Quando saiu da sala percebeu que devia ser a última aluna na escola. O relógio da igreja, ao longe, batia com um som melancólico de sino antigo indicando que eram dez horas da noite. Era um curso noturno, desses que os adolescentes fazem na ilusão de que fará diferença em seu inexistente currículo. Maria começou a descer lentamente uma rua completamente deserta enquanto se encolhia de frio. Lá em cima nuvens pesadas pareciam esperar apenas que ela estivesse longe de qualquer abrigo para derramar a chuva sobre a cidade. Ela ergueu o olhar para a rua e seus passos hesitaram um pouco. Havia algo de sinistro naquele silêncio, naquela rua deserta, como se ela estivesse andando por uma cidade fantasma. Seu coração se contraiu de medo por um segundo e então relaxou. Maria não era supersticiosa.
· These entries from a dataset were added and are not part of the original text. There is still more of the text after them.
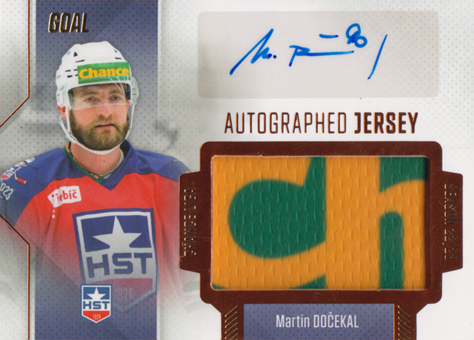 Dočekal Martin 22-23 GOAL Cards Chance liga Autographed Jersey #JA-08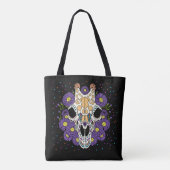 Aster & Giraffe Skull vom September Tasche (Rückseite)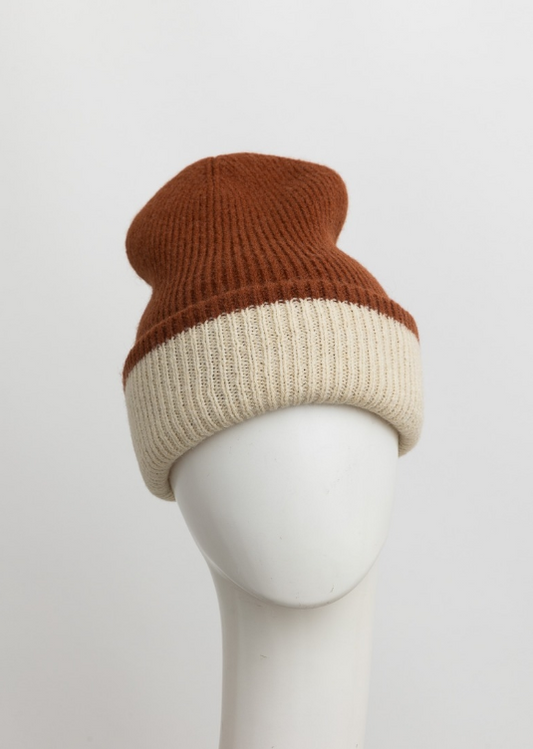 Bella Basic Two Tone Beanie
Já próximo à rua em que morava a chuva finalmente caiu, suavemente, em pingos esparsos. Ela apressou o passo e protegeu-se por um instante sob uma algaroba na esquina de sua rua, seguindo então para casa com passos apressados. Alguns instantes depois teve a impressão de ouvir passos atrás de si. Virou-se mecanicamente para trás, mas não viu ninguém. Seguiu em frente; o barulho dos passos continuou. Ela parou novamente e os passos pararam com ela. Decidiu aliviada que se tratava do eco de seus próprios pés e continuou. Um instante depois, por pura teimosia, ao ouvir o mesmo barulho de passos ela parou. Dessa vez os passos continuaram. Maria virou-se rigidamente e seus olhos vasculharam a rua em busca dos pés que faziam esse barulho, mas não havia nada. Estava absolutamente sozinha na rua.
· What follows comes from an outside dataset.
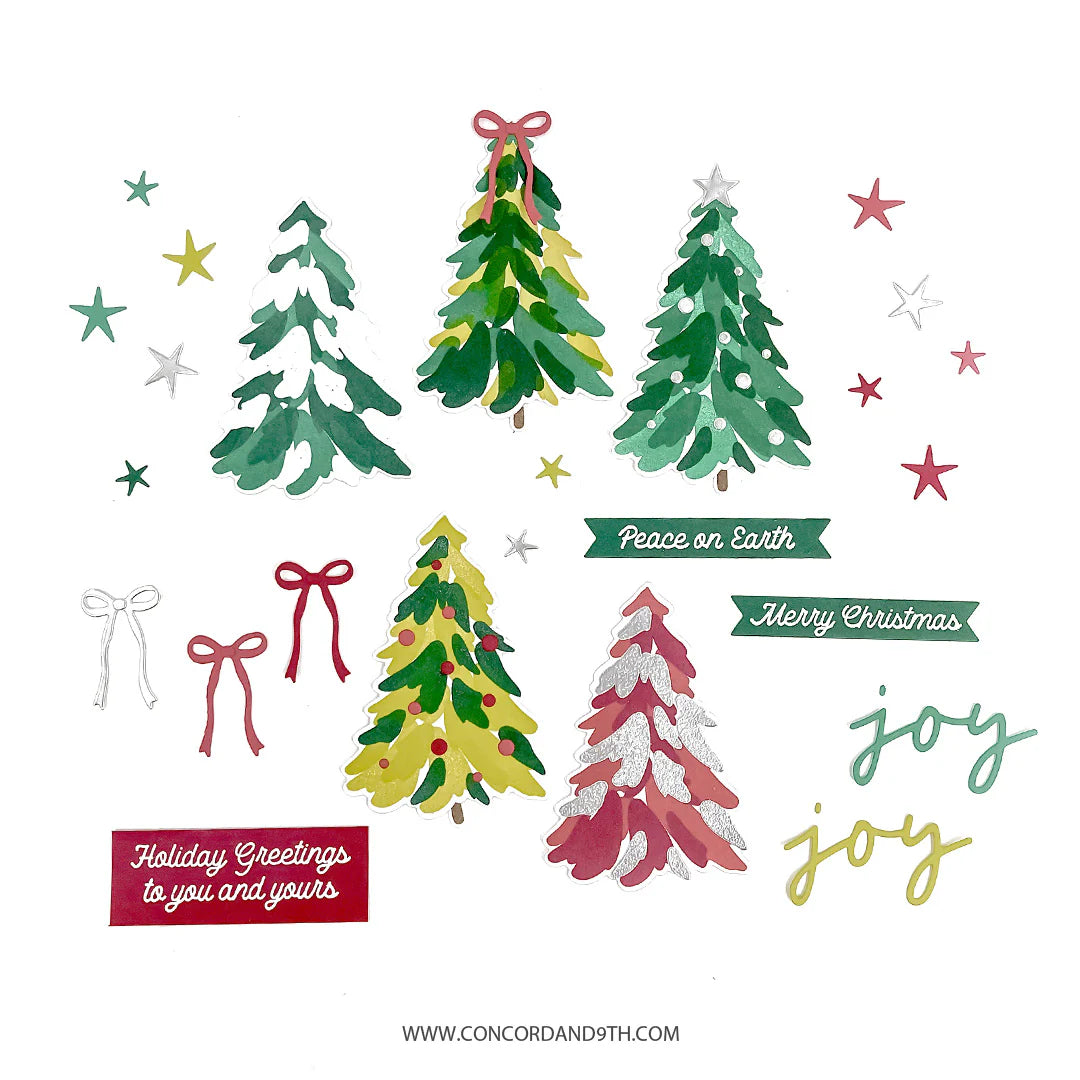 Concord & 9th - Triple-step Evergreen Stamp & Die Bundle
Começou a andar cada vez mais rápido tentando não correr, mas sem conseguir evitar olhar para trás. E foi então que viu; ou melhor, não viu. Porque não havia nada lá. Mas alguma coisa estava atravessando a rua e chegando à calçada. Ela percebia-lhe a silhueta invisível e embora dissesse a si mesmo que isso não era possível, o pânico a dominou e a fez correr para casa. A coisa continuava avançando e agora estava a apenas três casas da sua. Suas mãos tremiam tanto que ela não conseguia abrir a fechadura simples do portão. Aquilo estava a duas casas agora. Maria se desesperou; tentou pular o portão e ele abriu de repente com tal ímpeto que ela quase caiu. Não se preocupou em fechá-lo; correu para a porta e então teve que brigar com a fechadura. Era uma dessas portas antigas que tinha uma pequena portinhola na altura do rosto. A coisa havia chegado à sua calçada. Maria empurrou a portinhola, aliviada por encontrá-la aberta, e abriu a porta por dentro. Entrou depressa e teve que fazer um esforço inumano para não batê-la com toda força. Sua família estava na sala distraída com a televisão e mal a olhou quando entrou; a expressão assustada, as mãos tremendo.
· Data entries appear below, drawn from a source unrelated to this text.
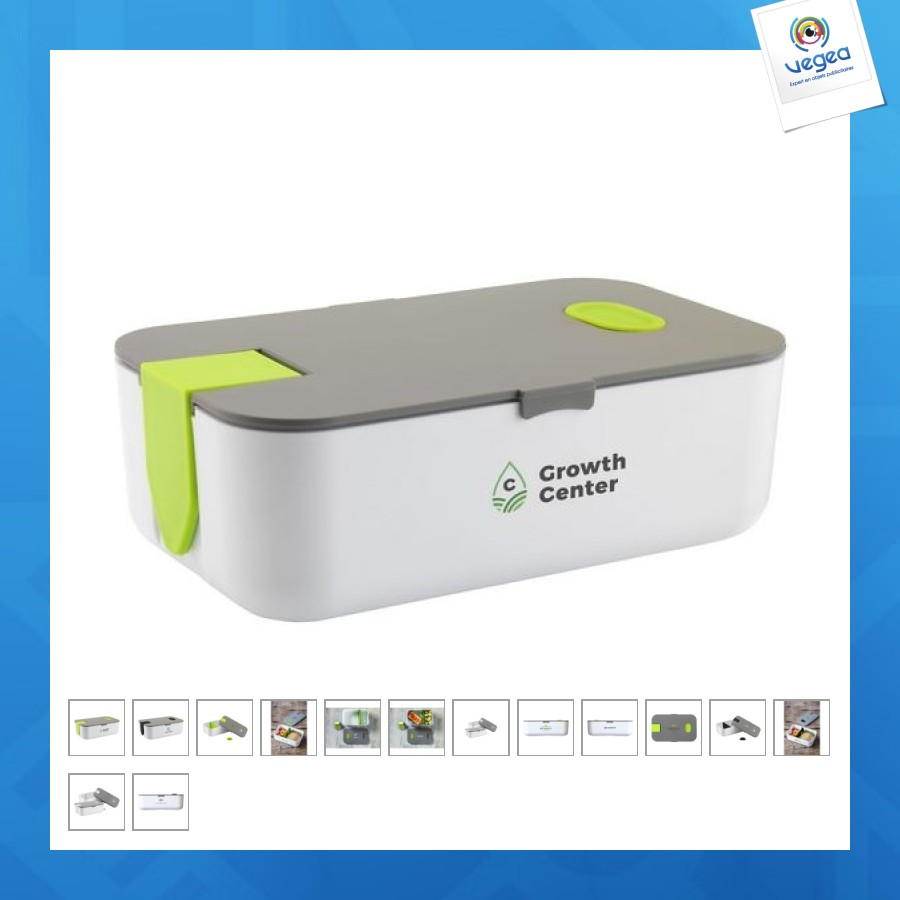 La caja del almuerzo con el compartimento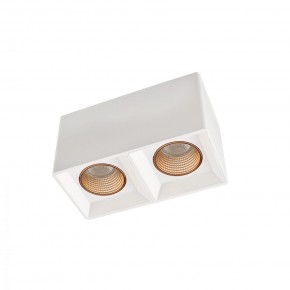 DK3085-WH+BR Светильник накладной IP 20, 10 Вт, GU5.3, LED, белый/бронзовый, пластик в Верхней Пышме - verhnyaya-pyshma.ok-mebel.com | фото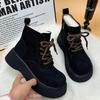 Women's Winter New Height Increasing Plush Warm Short Boots Simple Comfortable Daily Casual Thick Soled Women's Shoes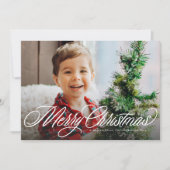 メリークリスマスシンプルクラシックスクリプト2枚の写真 シーズンカード (正面)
Jogou os cadernos sobre o sofá e virou-se lentamente para fechar a portinhola. E então se sentiu sozinha no mundo, cercada pelo mais absoluto horror, porque aquilo que ela não podia ver estava lá, na portinhola, olhando para ela. Um barulho ensurdecedor ecoou quando a pequena porta foi fechada violentamente, fazendo sua família pular de susto e Maria percebeu que, tomada pelo pânico, havia batido a portinhola por impulso. As reclamações de sua mãe a seguiram até a cozinha, mas ela as ignorou. Sentou à mesa e permaneceu muito branca e imóvel enquanto sua mente vagava por histórias terríveis que ouvira quando criança. Demônios, almas penadas, encruzilhadas...
Recordou subitamente da voz da avó alertando-a que nunca, jamais, se abrigasse sob uma árvore que estivesse numa encruzilhada. Tais árvores eram abrigos para almas penadas e demônios e aquele que ousasse, sobretudo à noite, se abrigar sob uma delas poderia sofrer um fim terrível. Maria deixou escapar um riso baixo e histérico enquanto sua mente visualizava a árvore onde, por poucos instantes, estivera abrigada. Percebeu surpresa que sua rua era o braço direito de uma encruzilhada. A árvore ficava exatamente na esquina entre a rua onde morava e a outra, que descia a noventa graus da sua. E do outro lado dessa rua central, à esquerda, o outro braço da cruz seguia fazendo esquina com um cemitério. Durante a vida toda ela passara ao largo daquela algaroba, sem jamais parar sob ela. Até aquela noite...
Olhou ansiosa para a família desejando contar sobre a experiência assustadora que acreditava estar vivendo, mas não teve coragem. O que iria dizer? Que vira algo que não podia ser visto? Que aquilo a seguira até em casa? Loucura, ninguém acreditaria nela. Nem ela conseguia acreditar em si mesma.
Não conseguiu dormir. Ficou escutando os roncos da mãe e os movimentos das irmãs com uma sensação de terror que lhe gelava os ossos. Ao longe ouviu o sino da igreja indicar que era meia-noite. Quando a última badalada tocou, ela não se surpreendeu quando sentiu seu colchão afundar como se outro corpo exercesse pressão sobre ele. Quis chamar pela mãe, mas estava paralisada. Alguma coisa começou a pressionar sua garganta como se mãos se fechassem sobre ela. Maria sentiu sua cabeça afundar mais no travesseiro. Lembrou então de um livro de terror que havia lido uma vez, 666 – O Limiar do Inferno, onde o demônio conseguia destruir três vidas porque, embora cada um dos personagens percebesse que havia algo errado acontecendo, nenhum deles tinha coragem de contar para o outro com receio de serem expostos ao ridículo. Ela havia rido desses personagens, mas agora percebia que fizera a mesma coisa. Tentou emitir qualquer som que pudesse chamar a atenção de suas irmãs, nas camas ao lado da sua, mas a pressão agora era tão forte que ela não conseguia respirar. No fim, o que restou não foi o medo e sim o desejo instintivo e desesperado de respirar, até que seu corpo desistiu e afundou na escuridão.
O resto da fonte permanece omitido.